Miserable as many of these turn-outs may look - animal,
harness, and vehicle complete -it will be found that they 'bulk into money.' There
are 7,500l. worth of donkeys alone changing hands at the London mart during the
year, and the carts are worth quite as much as the power that draws them. The
costermonger begins business with a basket; from that he advances to a
hand-truck; and from that, when he has amassed sufficient capital, he rises to
the dignity of the donkey-cart, which made its first appearance amongst us in
the days of Elizabeth, when donkeys first became common in these islands.
Previous to then the few donkeys we had were, it would seem,
used for riding purposes only, as the high-class Syrian breed is used to-day.
Those who would see donkeys at their best, to Syria must go. In that interesting
land they have become differentiated into four distinct breeds: the rough one,
for ordinary draught; the heavy one, used for agriculture; the [-182-]

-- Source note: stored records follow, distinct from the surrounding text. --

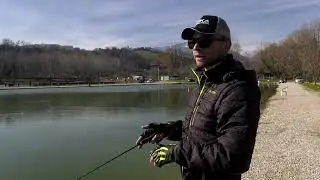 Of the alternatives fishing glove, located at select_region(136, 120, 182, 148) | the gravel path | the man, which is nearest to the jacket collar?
the man

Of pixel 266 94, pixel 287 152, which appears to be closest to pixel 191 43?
pixel 287 152

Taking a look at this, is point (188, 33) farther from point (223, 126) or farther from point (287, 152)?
point (287, 152)

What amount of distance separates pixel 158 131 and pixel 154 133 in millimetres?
39

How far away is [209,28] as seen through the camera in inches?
103

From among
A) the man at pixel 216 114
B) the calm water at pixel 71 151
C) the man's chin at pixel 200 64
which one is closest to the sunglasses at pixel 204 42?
the man at pixel 216 114

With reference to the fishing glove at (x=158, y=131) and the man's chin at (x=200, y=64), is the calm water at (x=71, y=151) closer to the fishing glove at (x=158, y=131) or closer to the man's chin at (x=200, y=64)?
the fishing glove at (x=158, y=131)

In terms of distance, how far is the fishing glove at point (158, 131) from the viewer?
3.28 m

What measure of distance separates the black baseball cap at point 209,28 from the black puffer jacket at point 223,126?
0.18m

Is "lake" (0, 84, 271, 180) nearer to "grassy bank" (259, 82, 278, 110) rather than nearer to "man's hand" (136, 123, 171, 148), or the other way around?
"grassy bank" (259, 82, 278, 110)

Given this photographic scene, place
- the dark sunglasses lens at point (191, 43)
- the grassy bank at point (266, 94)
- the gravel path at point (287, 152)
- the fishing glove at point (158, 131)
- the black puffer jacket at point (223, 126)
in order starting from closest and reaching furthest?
1. the black puffer jacket at point (223, 126)
2. the dark sunglasses lens at point (191, 43)
3. the fishing glove at point (158, 131)
4. the gravel path at point (287, 152)
5. the grassy bank at point (266, 94)

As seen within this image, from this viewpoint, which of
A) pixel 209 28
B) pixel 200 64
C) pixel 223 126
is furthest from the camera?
pixel 200 64

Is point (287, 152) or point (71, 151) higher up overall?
point (287, 152)

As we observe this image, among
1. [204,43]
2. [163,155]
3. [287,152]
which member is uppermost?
[204,43]

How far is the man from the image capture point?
2.33 meters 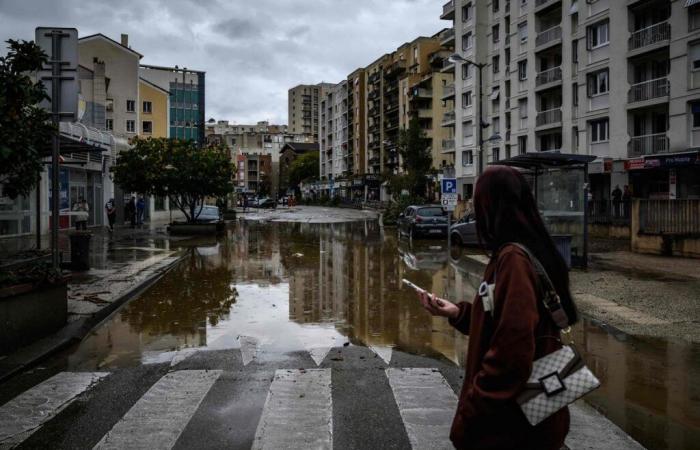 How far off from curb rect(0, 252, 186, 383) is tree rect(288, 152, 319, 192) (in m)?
124

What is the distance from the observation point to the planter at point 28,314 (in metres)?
6.80

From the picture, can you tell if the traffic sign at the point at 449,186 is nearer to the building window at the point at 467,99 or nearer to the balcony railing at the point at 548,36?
the balcony railing at the point at 548,36

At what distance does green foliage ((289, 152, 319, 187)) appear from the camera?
444 ft

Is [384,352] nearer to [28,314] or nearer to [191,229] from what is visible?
[28,314]

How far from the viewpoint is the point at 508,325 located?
2283 mm

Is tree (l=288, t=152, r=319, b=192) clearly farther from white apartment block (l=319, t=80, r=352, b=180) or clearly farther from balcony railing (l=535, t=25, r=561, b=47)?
balcony railing (l=535, t=25, r=561, b=47)

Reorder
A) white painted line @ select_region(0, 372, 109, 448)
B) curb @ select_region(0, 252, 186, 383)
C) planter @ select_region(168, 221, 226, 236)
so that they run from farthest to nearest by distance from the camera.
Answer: planter @ select_region(168, 221, 226, 236) < curb @ select_region(0, 252, 186, 383) < white painted line @ select_region(0, 372, 109, 448)

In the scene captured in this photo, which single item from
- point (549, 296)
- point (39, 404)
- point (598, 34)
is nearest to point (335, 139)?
point (598, 34)

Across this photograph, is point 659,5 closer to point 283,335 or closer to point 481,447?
point 283,335

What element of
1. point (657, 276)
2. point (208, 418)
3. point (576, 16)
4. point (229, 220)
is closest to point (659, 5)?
point (576, 16)

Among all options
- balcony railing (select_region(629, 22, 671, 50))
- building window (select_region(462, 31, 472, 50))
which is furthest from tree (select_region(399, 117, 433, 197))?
balcony railing (select_region(629, 22, 671, 50))

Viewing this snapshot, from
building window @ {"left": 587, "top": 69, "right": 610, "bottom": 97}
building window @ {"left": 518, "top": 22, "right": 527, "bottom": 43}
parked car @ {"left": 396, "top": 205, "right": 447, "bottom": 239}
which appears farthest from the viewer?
building window @ {"left": 518, "top": 22, "right": 527, "bottom": 43}

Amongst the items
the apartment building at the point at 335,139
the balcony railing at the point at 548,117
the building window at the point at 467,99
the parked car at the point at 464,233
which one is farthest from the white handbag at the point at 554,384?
the apartment building at the point at 335,139

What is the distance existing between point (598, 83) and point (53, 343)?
36906 millimetres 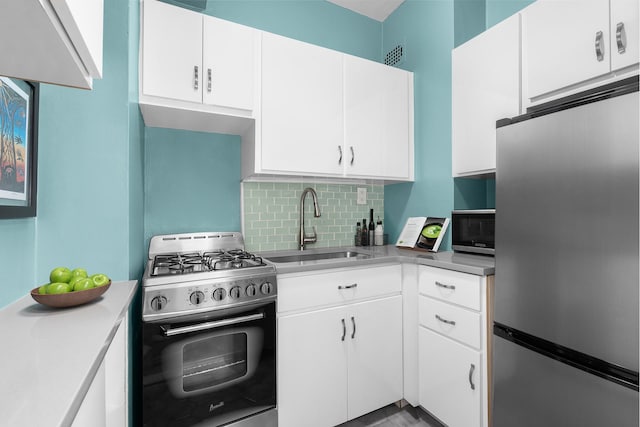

Arab one, used for ordinary riding; and the light and
graceful one, reserved as a mount for ladies only, which only very distantly
resembles the patient variety on which the London mater-familias of sixteen
stone enjoys a few anxious minutes on high days and holidays.
It may seem a mystery why the donkey market should be held in such an unexpected place. Of course, it went there from Smithfield with the cattle market. But why did it begin at Smithfield? For the same reason as the cattle market did; because the animals could be conveniently watered at the old Horse Pool, which once lay between the moor fields and the smooth field that served the citizens as a playground. And the Friday market on that field was at least as old as the days of Fitzstephen, and even in those days it included the draught animals and peasants' wares' we find represented to-day among the posts and rails of Islington.